I met up for a coffee with a family friend the other day. She graduated from University this summer and is applying for jobs. I asked her how it was going, and she said, “Bleak.” Prospects are “bleak,” her chances are “bleak,” the environment is “bleak.” Everything is “bleak.”
Unfortunately, she’s not entirely wrong. She is graduating into what could be one of the toughest job markets in decades. Unemployment is rising globally, and companies are freezing their recruitment processes as they prepare to experience the deepest recession since World War Two, according to the World Bank.
The landscape is worrying. But what I found just as worrying was my friend’s response when I asked her what she was doing to secure a job. She responded, “I’m filling in online application forms.” That was it.
I hate to break it to you, but that’s not enough.
Of course, you should fill out the form if that’s the requirement.
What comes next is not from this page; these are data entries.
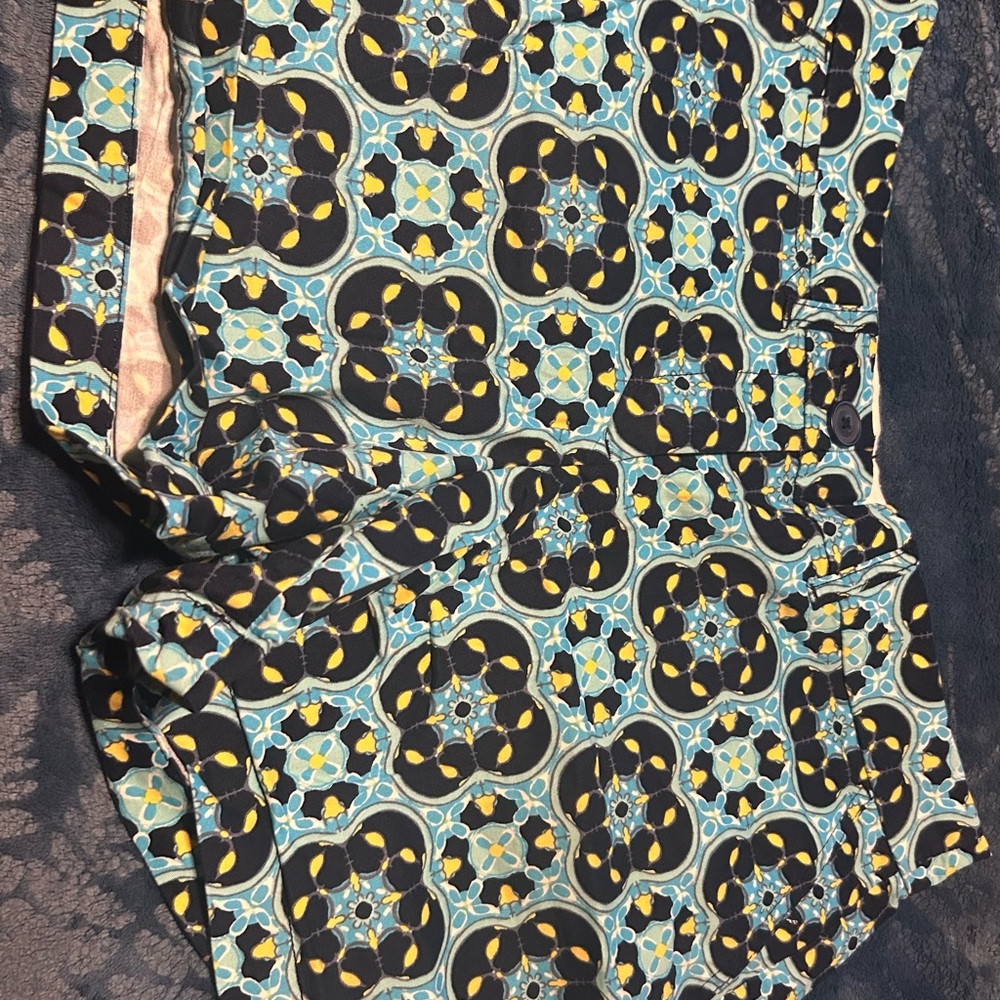 Stylish Geometric Patterned Women's Shorts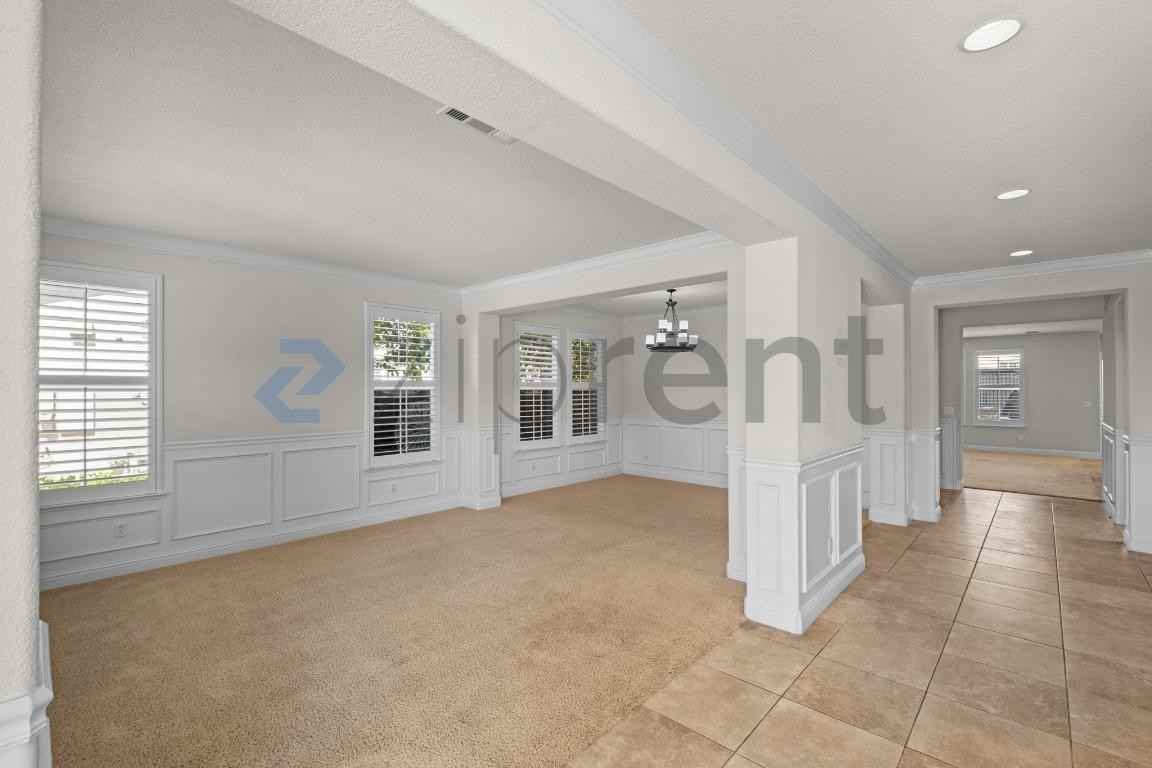 1013 Hollyhock Dr - Photo 7 of 42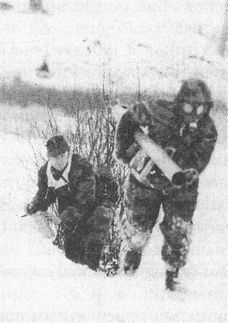 Иллюстрация к книге — &quot;Фаустники&quot; в бою [i_039.jpg]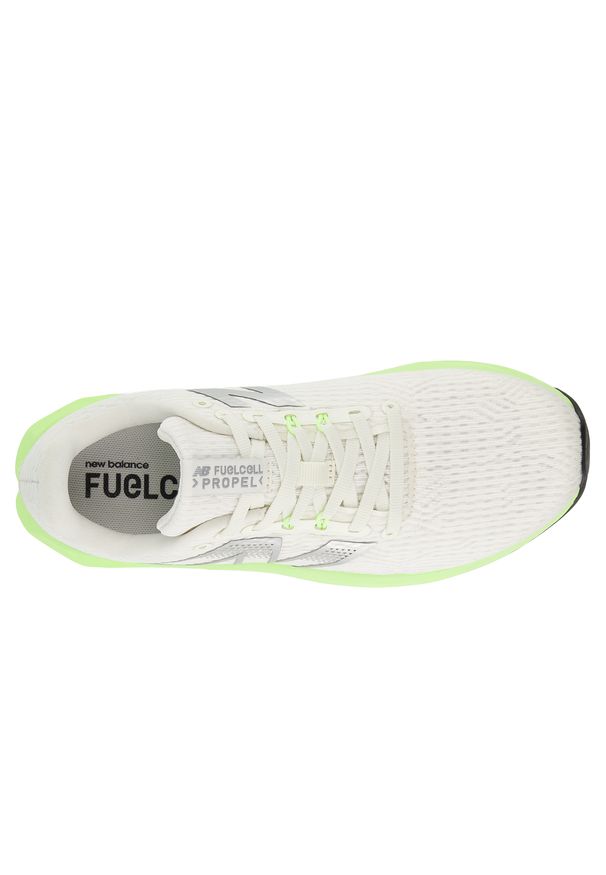 Buty damskie New Balance FuelCell Propel v5 WFCPR4T3 – beżowe. Okazja: na co dzień. Kolor: beżowy. Materiał: materiał, syntetyk, guma, poliester. Szerokość cholewki: normalna. Sport: fitness, bieganie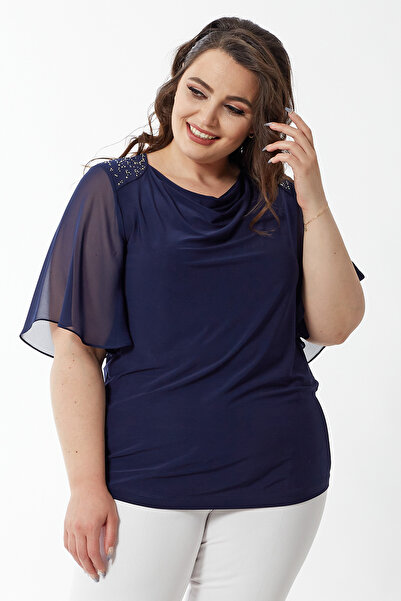 Moda Alba Ελαστική και κομψή μπλούζα μεγάλου μεγέθους - Λεπτομέρεια από πέτρα ώμου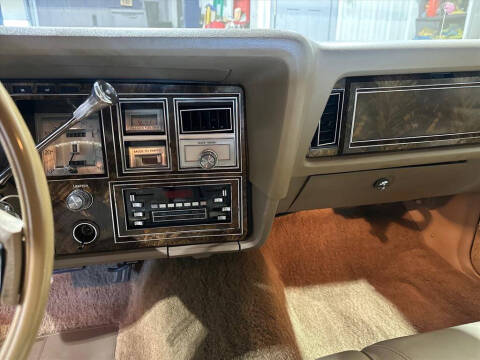 1979 Lincoln Mark V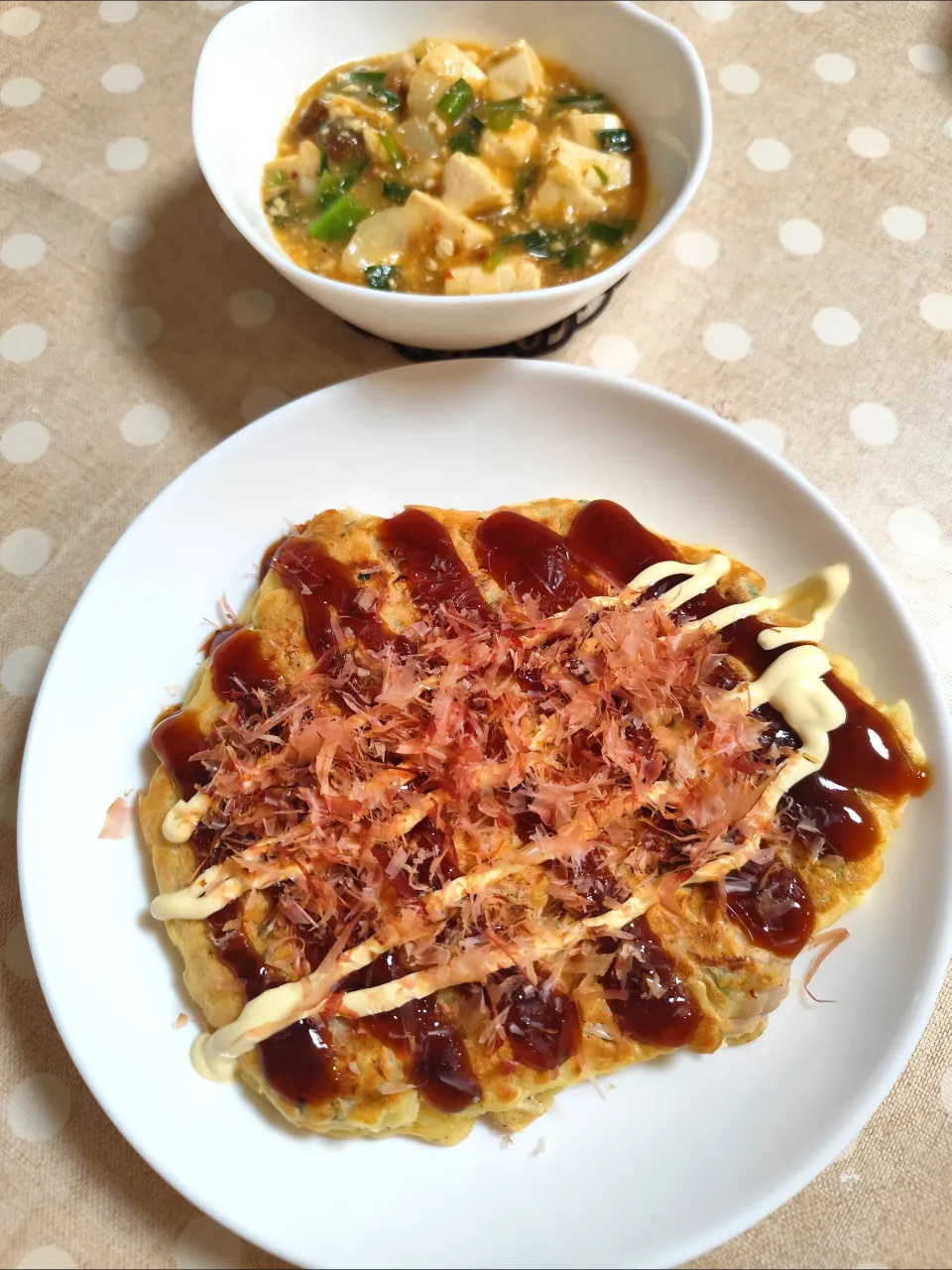 関西風お好み焼き、麻婆豆腐夜ごはん(雑穀ご飯も炊き中)|m.rafuさん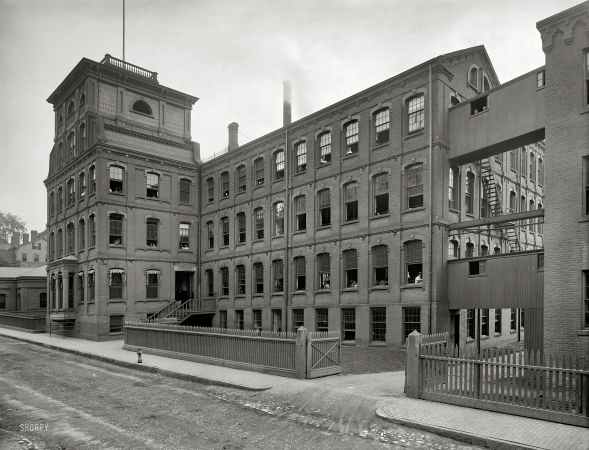 Photo showing: Smith and Wesson -- Springfield, Massachusetts, circa 1908. Smith & Wesson factory.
But an online application form is the minimum threshold that an applicant needs to surpass to be considered for a role.
Securing a graduate role was difficult before the pandemic; it’s an inherently competitive process. This isn’t anything new.
In 2014, for example, consulting giant PwC received 24,000 applications for just 1,450 places on its UK graduate scheme alone. Graduates had a 6% chance of securing an offer. And the process is even more competitive today.
Things aren’t going to be easy. But there are ways to increase your chances of success, even if the opportunities have dwindled. There’s one skill in particular, that is both incredibly simple and incredibly effective: Networking.
Networking is about exchanging information and ideas with other people. It can be done in a formal or an informal setting, and it’s about learning from each other’s profession, each other’s interests, or simply each other’s experiences.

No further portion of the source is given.